It didn't take Jurgen Klopp very long to experience his first unforgettable European night at Anfield, as just months after taking over from Brendan Rodgers he guided Liverpool into the semi-final of the Europa League at the expense of his old club Borussia Dortmund.
On that night we heard from the likes of Divock Origi about how Klopp had inspired the sensational comeback with his words and actions at half time, and Klopp cut a figure of absolute delight as he basked in the incredible atmosphere that surrounded him, but it turns out that once the initial excitement had died down, he began to feel a bit different.
Upon waking the next day Klopp found himself feeling bad, because he knew exactly how the players would have reacted to such a devastating loss, and the mood that would be with the entire squad in the hotel. He explained his feelings in a recent chat with LiverpoolEcho.co.uk:
When we scored again, it was more of a shock than a real joy. At the end, when I saw all the happy faces after the game, I knew it was a special night. You cannot have 500 of those. If you are a really lucky guy, you maybe get ten in your life.

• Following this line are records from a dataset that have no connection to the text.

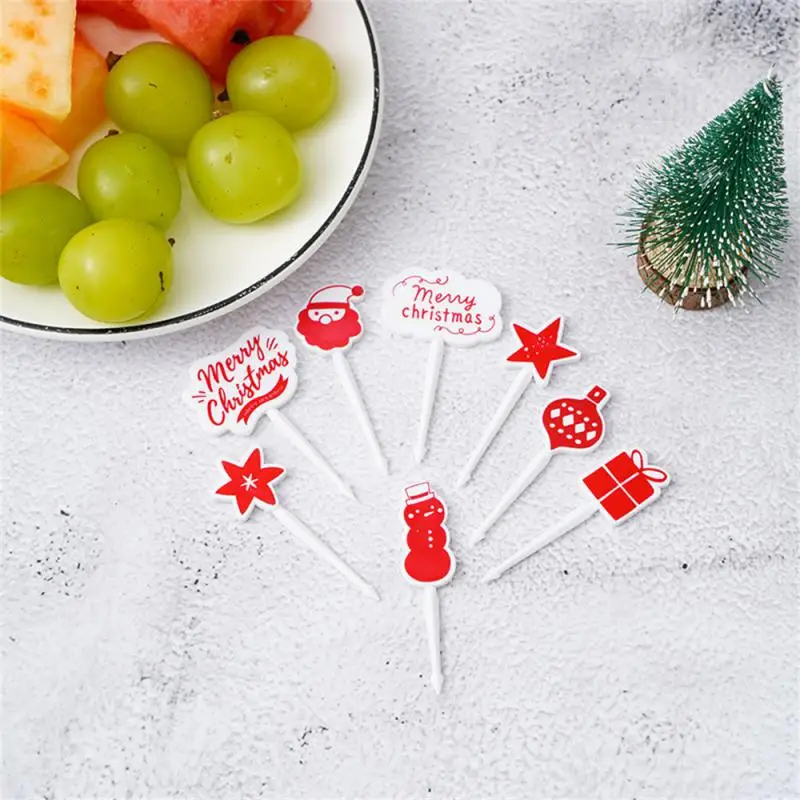 Christmas Fruit Fork Food Pick Sliced Fruit Fork Animal Plastic Toothpick Stick Bento Accessories Children's Food Selection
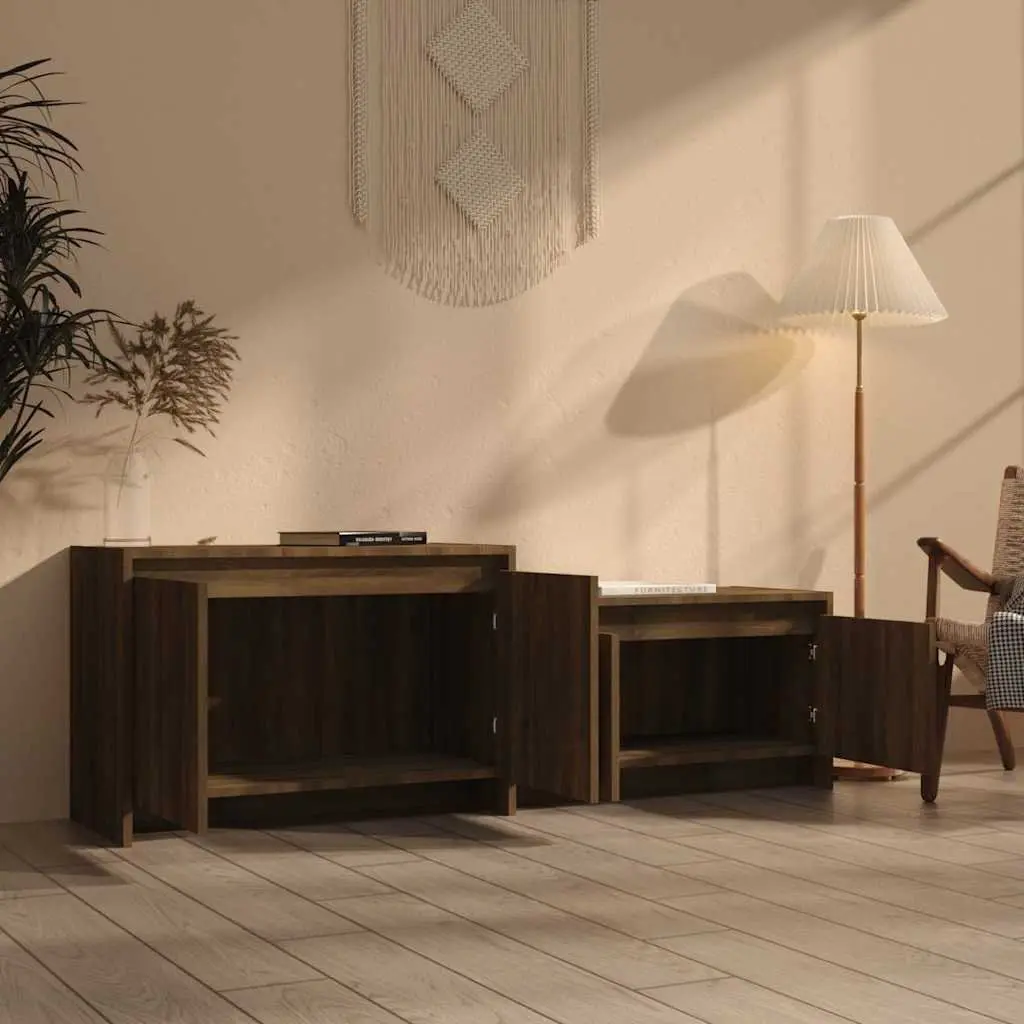 Brown Engineered Wood 146.5cm TV Cabinet with 4 Doors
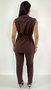 Conjunto Feminino Colete Liso Marrom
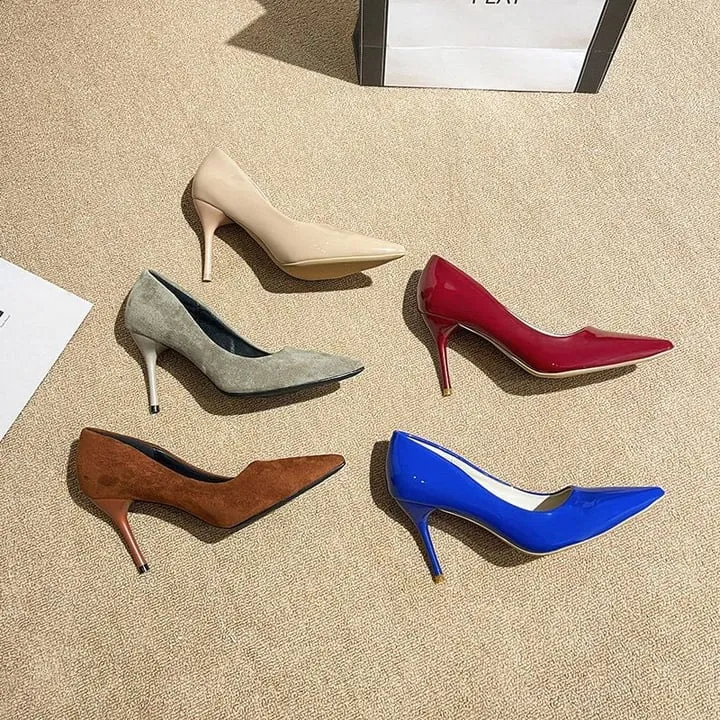 Gray Suede Stilleto Heels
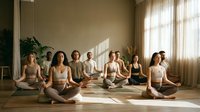 Group of diverse women practicing yoga meditation in peaceful studio with natural sunlight streaming through windows creating serene wellness atmosphere.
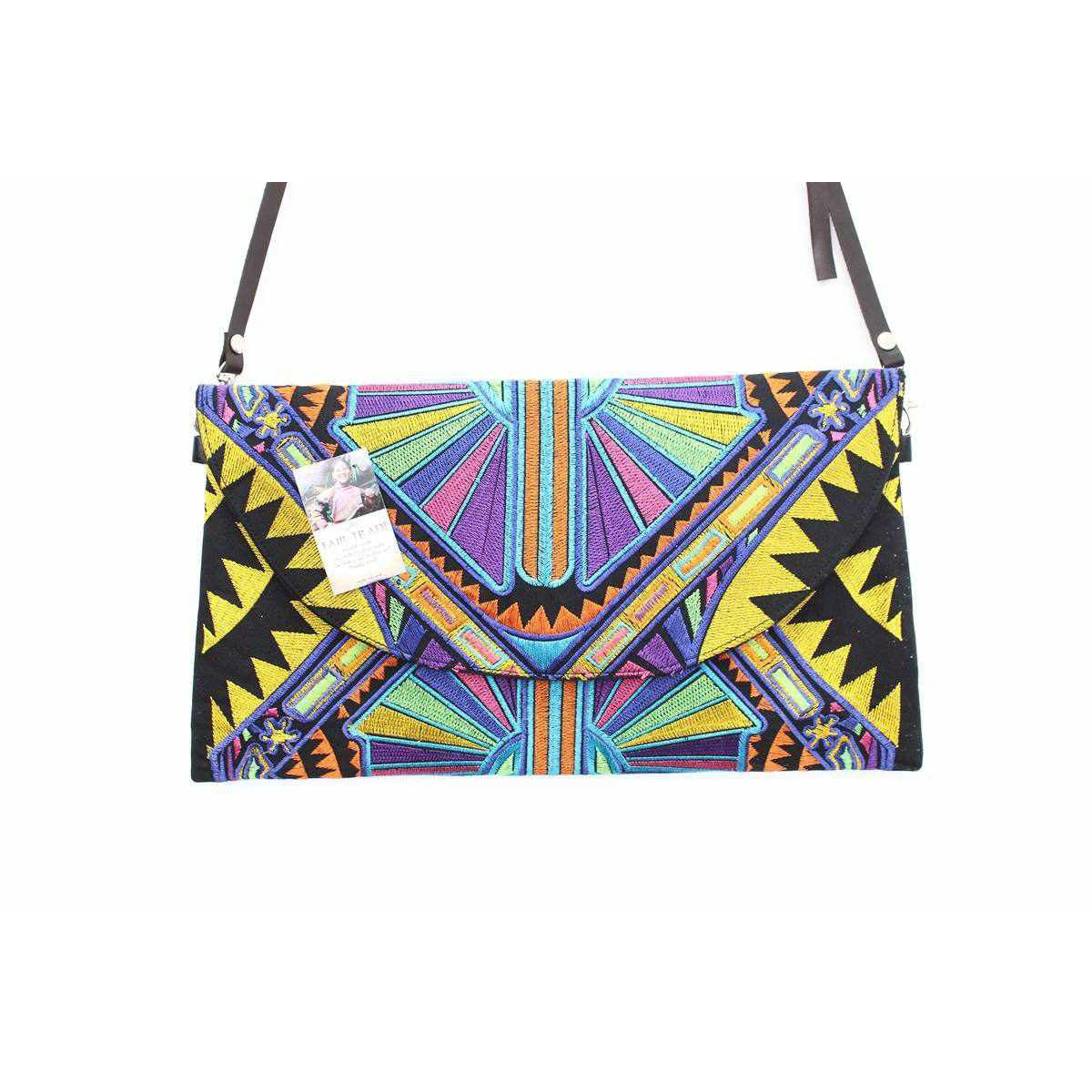 Convertible Embroidered Clutch Crossbody Bag - Thailand
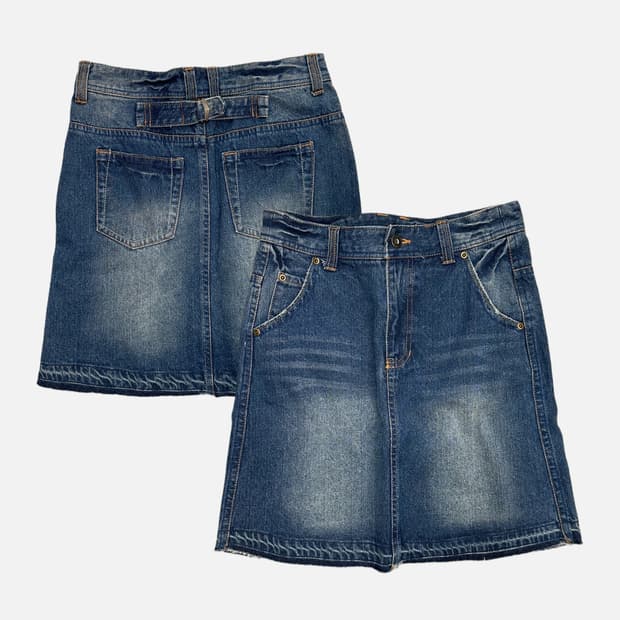 fade strap denim skirt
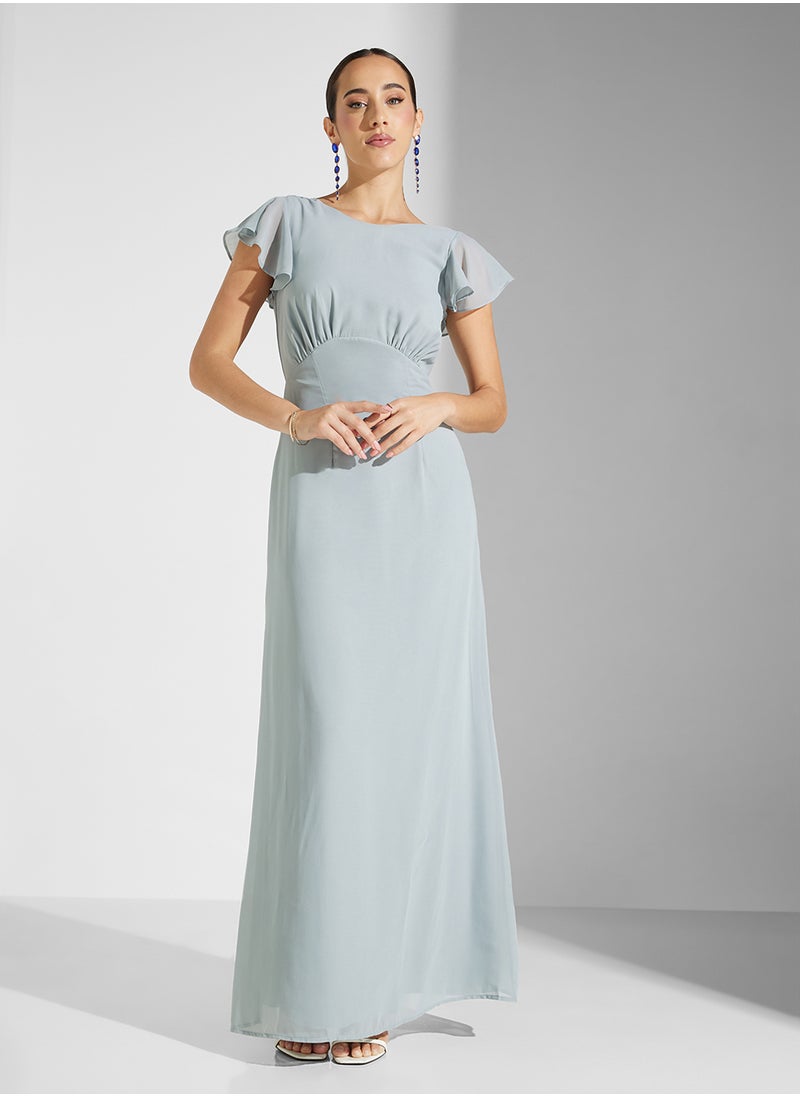 Anaya With Love Georgette Cowl Back Flutter Sleeve Maxi Dress  - Image 4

The morning after the game was completely different because usually after a match like that, you wake up and you think: ‘Oh great, what a wonderful thing.’ This time I was not in the best shape, to be honest, and I had no real idea why, and then I realised: ‘Ah yes, they lost.’
I had seven wonderful years at Dortmund and I knew how they felt. I knew what they would have done in the hotel and how it would have been when they woke up and all met for breakfast. I knew what the mood would have been like.
But even more interesting were Klopp's views on his own brand of football.
When you look at someone like Louis Van Gaal, who has driven Manchester United fans to the point of despair with his boring tactics and overly cautious use of the ball when in possession, it is refreshing to hear the German explain why he sets his team up the way he does.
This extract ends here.